Evaluation of the complexity of escape routes inside the buildings

Abstract

In emergency situations involving large buildings, such as public buildings and offices, it is important that the main escape routes are
correctly signalised. In these situations, a large number of people must flow easily even in highly articulated environments. It is
therefore necessary to identify the less complicated paths to follow in order to ensure a fast and efficient evacuation of people. The
ways in which a person is able to move within the environment are strongly influenced by the space he is able to see in front of himself.
The architectural configuration of buildings and the location of some objects in space can cause visibility problems, affecting the
perception of the paths through which it is possible to navigate. Different methods have been analysed to identify the visible space
from a certain point of view, by linking the user's perception with the surrounding environment. In particular, in the field of space
syntax and cognitive science, attempts were made to describe the characteristics of an environment through the approaches of isovists
and the visibility graphs, which allow to calculate numerical properties of the environment as it is perceived by a certain person.

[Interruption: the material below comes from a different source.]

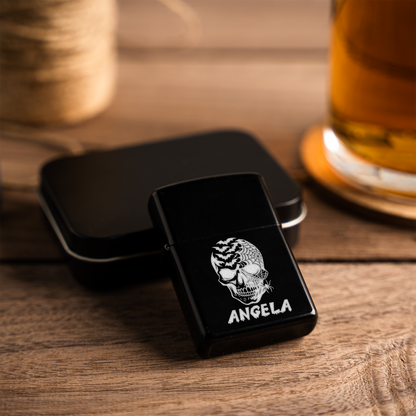 Personalized Halloween Skull Lighter | Custom Name Refillable Lighter | Gothic Skull Gift | Spooky Engraved Lighter | Halloween Pocket Lighter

However, many of these studies are aimed at a two-dimensional environment analysis, or do not take into account a possible dynamic
configuration of the motion. This contribution proposes a method for quantitatively assessing the complexity of a known pathway in a
building represented by a three-dimensional point cloud, through the combined use of isovists and visibility graphs techniques. The so
extracted numerical descriptors are used to identify what could be the most easily accessible escape routes in emergency situations.